Thread: order function in aggregate

order function in aggregate

From
Michael Toews
Date:
Hi,

I'm relatively new to object oriented databases and postgres (~ 4 
months), so I'm not sure what is wrong with my custom aggregate 
function. I'm using Postgres 8.3.3 (results are same on Windows and 
Ubuntu versions).

Here is my data required to explain my problem:
------------------------------------------
CREATE TABLE aggr_test
(id serial NOT NULL,sub text,grp text,CONSTRAINT aggr_test_pkey PRIMARY KEY (id)
)
WITH (OIDS=FALSE);

INSERT INTO aggr_test (id, sub, grp) VALUES (1, 'one', 'pom pom');
INSERT INTO aggr_test (id, sub, grp) VALUES (2, 'two', 'pom pom');
INSERT INTO aggr_test (id, sub, grp) VALUES (3, 'three', 'pom pom');
INSERT INTO aggr_test (id, sub, grp) VALUES (4, 'two', 'la la');
INSERT INTO aggr_test (id, sub, grp) VALUES (5, 'three', 'la la');
INSERT INTO aggr_test (id, sub, grp) VALUES (6, 'one', 'la la');

CREATE OR REPLACE FUNCTION concat(text, text)RETURNS text AS
$BODY$DECLAREt text;
BEGINIF $1 ISNULL OR $2 ISNULL THEN  t = COALESCE($1,$2);ELSIF character_length($1) > 0 THEN  t = $1 ||', '|| $2;ELSE
t= $2;END IF;RETURN t;
 
END;$BODY$LANGUAGE 'plpgsql' IMMUTABLECOST 100;

CREATE AGGREGATE commacat("text") (SFUNC=concat,STYPE=text,SORTOP="<"
);
------------------------------------------
Now, I would like to group a summary of the strings in "sub", but they 
must be ordered alphabetically. Here I attempt the SQL:
  select commacat(sub), grp from aggr_test group by grp;

However, on my system it will output the "commacat" column as:
  "one, two, three";"pom pom"  "two, three, one";"la la"

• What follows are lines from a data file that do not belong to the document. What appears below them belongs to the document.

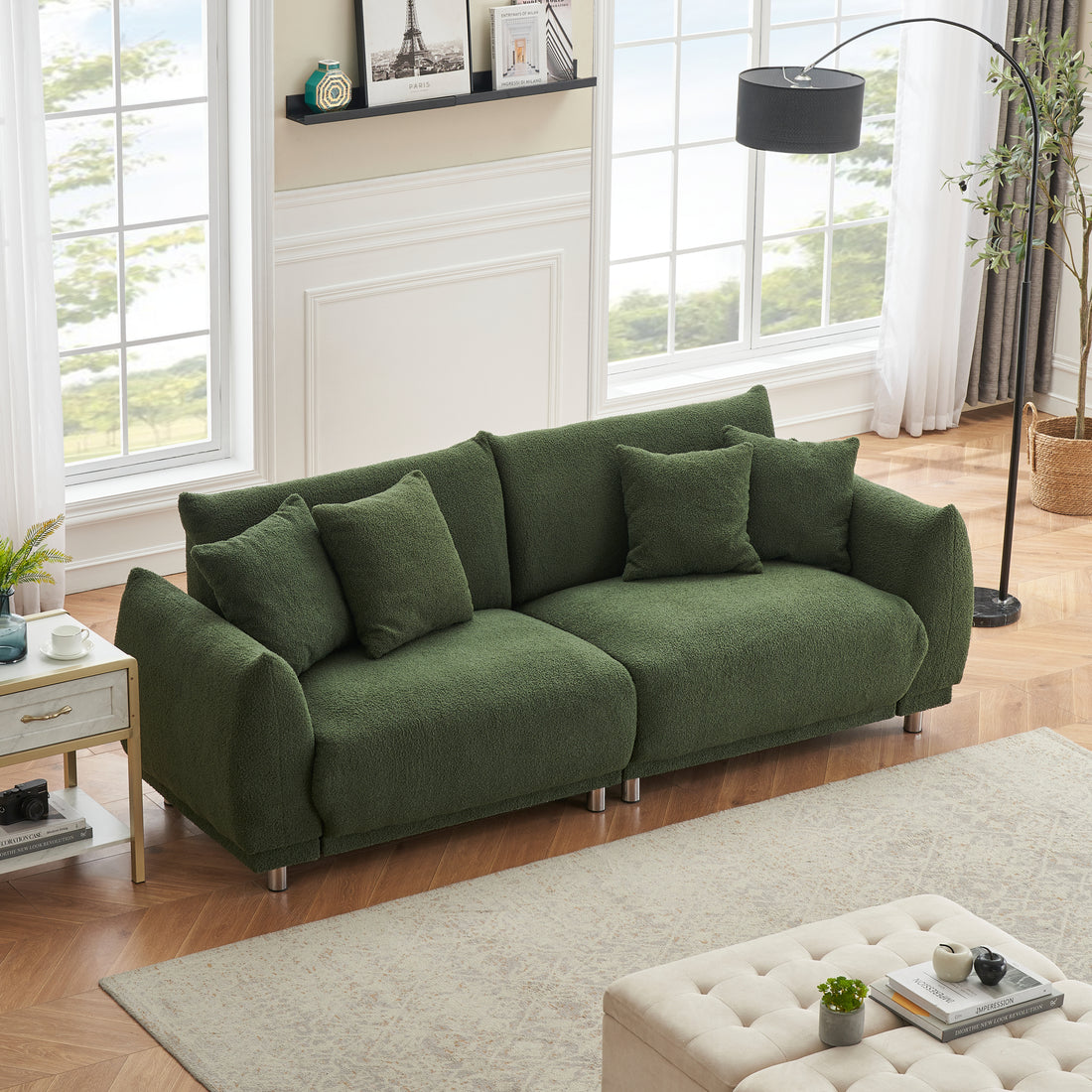 An 86.6 Inch Teddy Wool Black Sofa With Four Throw Pillows And Hardware Feet Makes It Comfortable To Sit In An Apartment Bedroom Without Taking Up Space Green Fabric 2 Seat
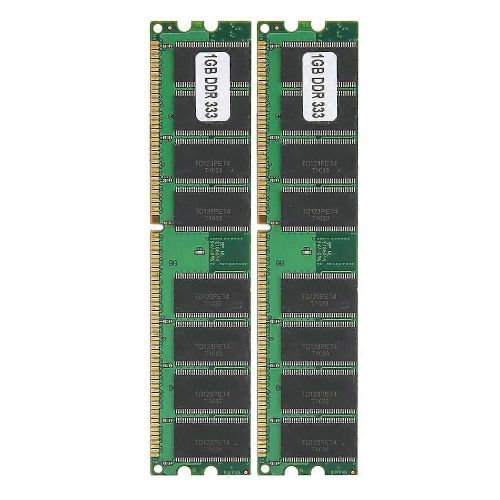 2Pcs Module de mmoire Ordinateur de bureau DoubleSided 16Grain DDR 1GB 333MHZ PC ; 2700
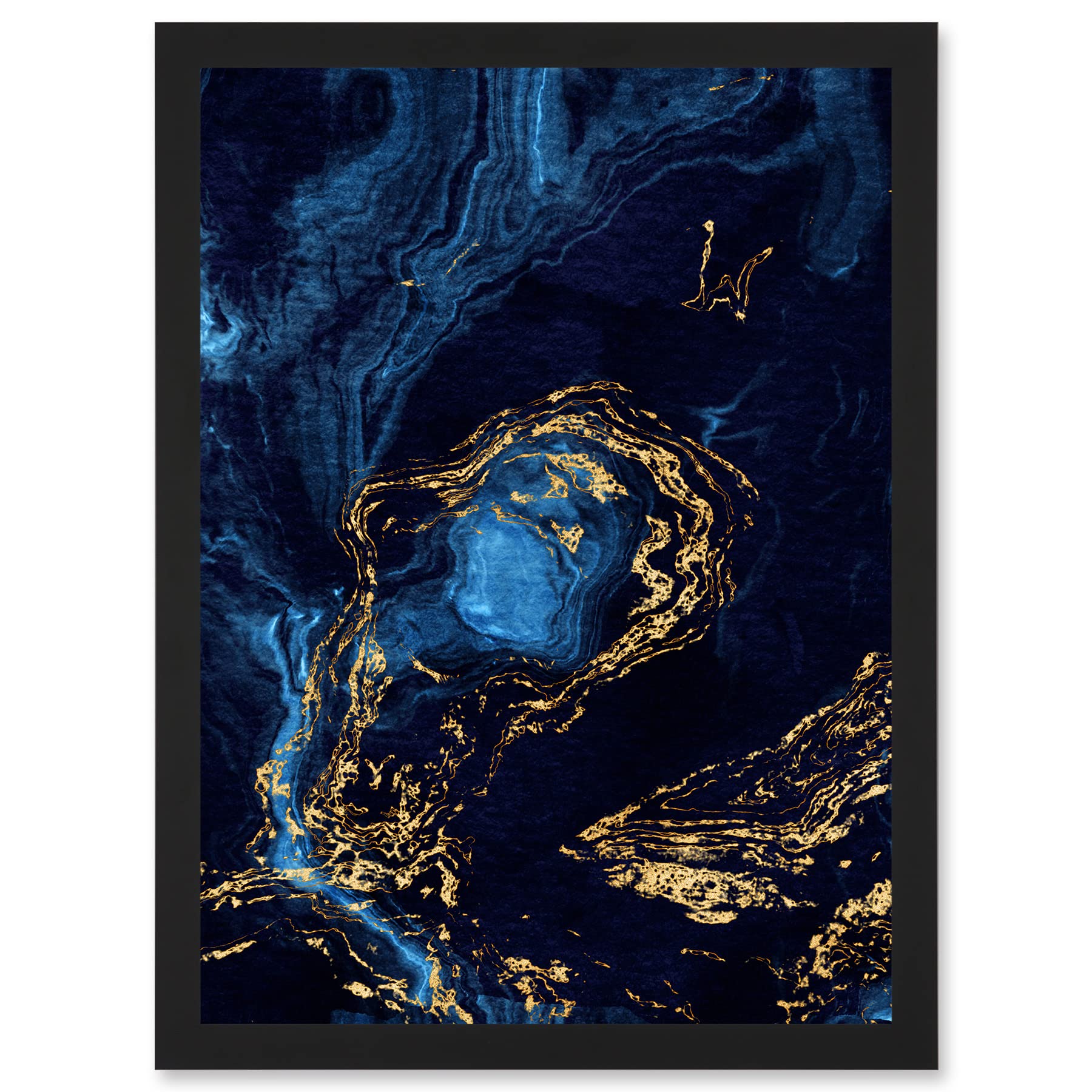 B&Q -  Abstract Dark Blue Gold Waves Modern Wall Art PrintA4 Size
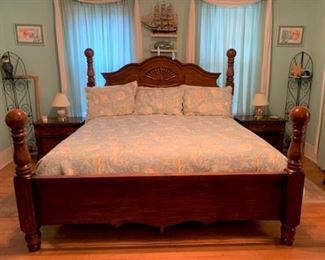 King-size headboard, footboard, and frame (mattress will not be for sale)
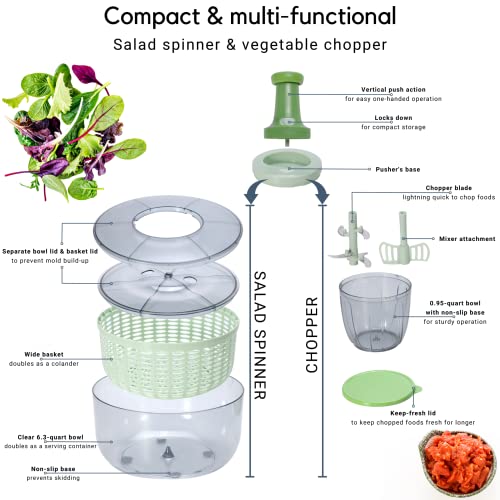 Brieftons Salad Spinner and Chopper Large 6.3Quart Lettuce Greens Vegetable Washer Dryer, with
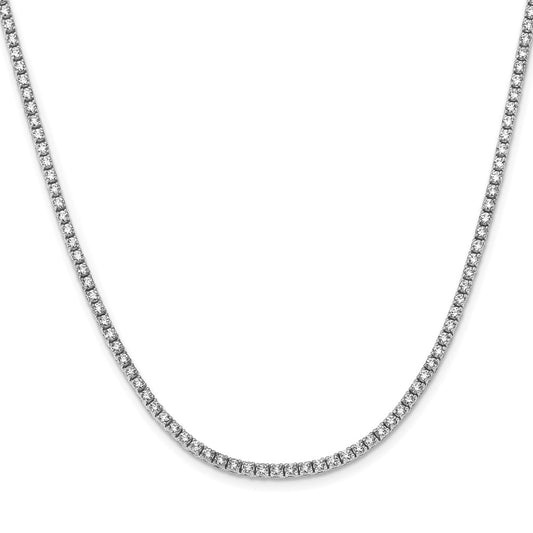 14K White Gold Complete 6.68 Carat Round Aaa Diamond 17.5 Inch Necklace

(notice that the items in the first column are ordered differently, 
since the input values were entered in non-alphabetically)

This is where I get confused, since in the aggregate function, I have 
specified `SORTOP="<"`, which according to the documentation 
(http://www.postgresql.org/docs/8.3/interactive/sql-createaggregate.html) 
"must be equivalent to":
  SELECT sub FROM aggr_test ORDER BY sub USING <; -- LIMIT 1;

or
  SELECT sub FROM aggr_test ORDER BY sub USING >; -- LIMIT 1;

(I've modified the example to show the desired effect of ASC and DESC 
sorting, respectively)

So my question is: why is `SORTOP="<"` in my "commacat" aggregate 
function not working? Any suggestions? Is this a bug?

Note: I am aware that I can achieve my goal using a subquery:
  SELECT commacat(sub), grp FROM          (SELECT * FROM aggr_test ORDER BY grp, sub) AS foo  GROUP BY grp;

however, I'm looking to see if this ordering can done naturally within 
the aggregate function.

Thanks in advance!
+mt



Re: order function in aggregate

From
Richard Huxton
Date:
Michael Toews wrote:
> Now, I would like to group a summary of the strings in "sub", but they 
> must be ordered alphabetically. Here I attempt the SQL:
> 
>   select commacat(sub), grp from aggr_test group by grp;
> 
> However, on my system it will output the "commacat" column as:
> 
>   "one, two, three";"pom pom"
>   "two, three, one";"la la"
> 
> (notice that the items in the first column are ordered differently, 
> since the input values were entered in non-alphabetically)
> 
> This is where I get confused, since in the aggregate function, I have 
> specified `SORTOP="<"`, which according to the documentation 
> (http://www.postgresql.org/docs/8.3/interactive/sql-createaggregate.html) 
> "must be equivalent to":
> 
>   SELECT sub FROM aggr_test ORDER BY sub USING <; -- LIMIT 1;

That's for things like min()/max() where you only want the first/last 
value of some set. You want all of them.

You could accumulate the values in an array and then sort that with the 
final-func that create aggregate supports.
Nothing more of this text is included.